Saor va remonte l’Amazone pour ramener la dépouille de Valentina sur ses terres qu’elle a fuies, mais aussi pour retrouver sa trace. Ramener son corps, c’est aussi retourner dans le passé de son amante transgenre, essayer de comprendre son histoire, croiser celles et ceux qu’elle a côtoyés avant l’exil. D’autres qui l’ont connue autrement, sous une autre identité, un autre destin. Au fil de son périple, Soar entend, écoute, recueille aussi les témoignages, il est celui qui parle, mais aussi qui passe la parole, faisant naître autant de récits intimes qui disent l’homophobie, la peur, la honte, la déflagration du terrorisme. La forme hybride du film mêle les acteurs non-professionnels qui partagent leur propre expérience, et l’extrême cinématographie des lieux, de la stature presque mystique aussi de Saor. Tandis que l’étau se resserre sur le passé terrifiant de son amante, Saor replonge dans quelques souvenirs, des bribes de bonheur qui éclairent sous un autre jour l’instinct de survie qui a pu pousser Valentina au pire.

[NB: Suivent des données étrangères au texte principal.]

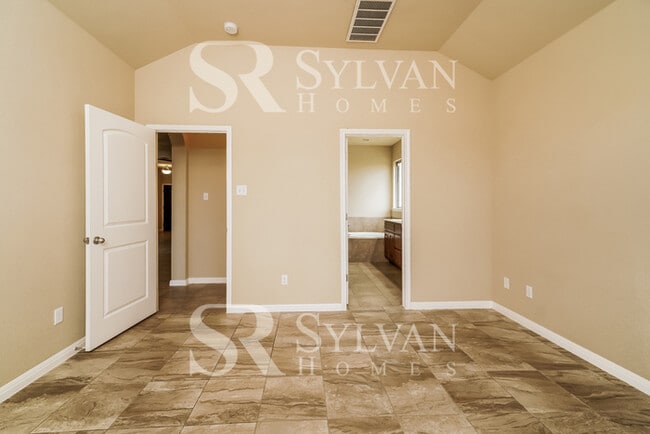 Building Photo - Prepare to be impressed by this 3 bedroom, 2 bathroom home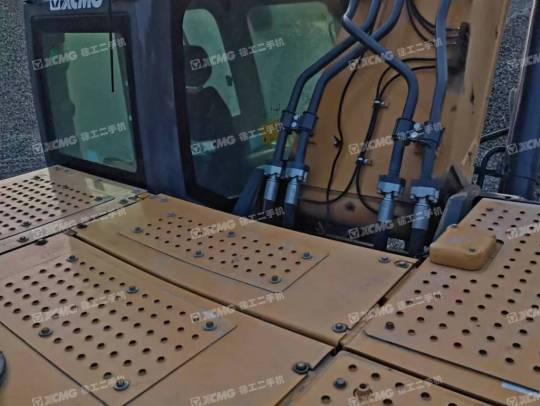 徐工XE380DK履带式挖掘机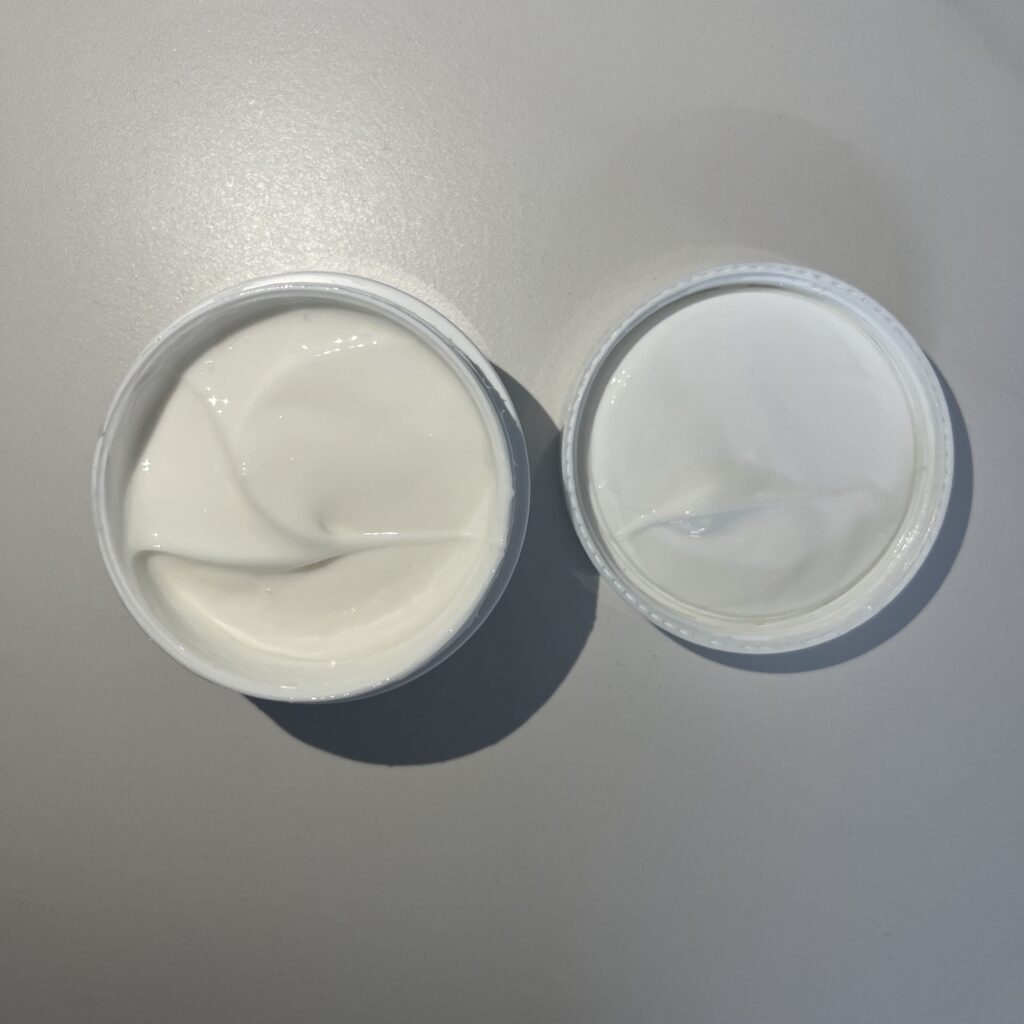 아기 아토피 크림 추천 제품인 더 순수 베이비 크림의 내용물이 보인다.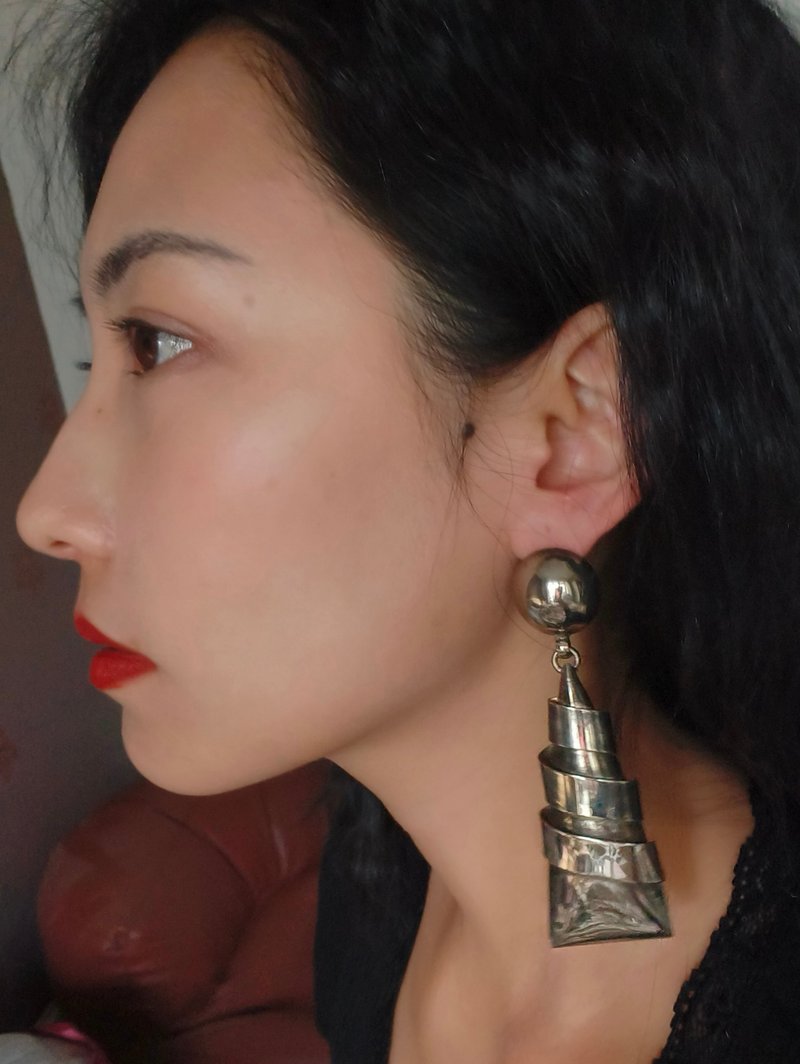 Vintage 异形扫肩 大耳夹 - 耳环/耳夹 - 铝合金 银色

Fuga documente la violence, guerrière et homophobe qui empêche la communauté dans son ensemble, et explore le traumatisme d’une population qui abrite en son sein d’anciens terroristes même pas repentis. Plutôt que d’illustrer les actes, le film les convoquent ou les évoquent. La narration que fait Saor des tortures en dit plus que mille images. La mise en regard de la cruauté des hommes (par le récit ou par l’entremise des combats de coqs) et de la sensualité de la nature marque les esprits. A travers la mise-en-scène, les sons assourdis de la vie habilement orchestrés par le sound design, la lumière embrumée des souvenirs fruit du travail de la directrice de la photographie Virginie Surdej, et la voix off, lettre d’amour et d’adieu adressée par le protagoniste à la défunte, c’est toute une part de la mémoire de l’histoire traumatique du Pérou qui est donnée à comprendre.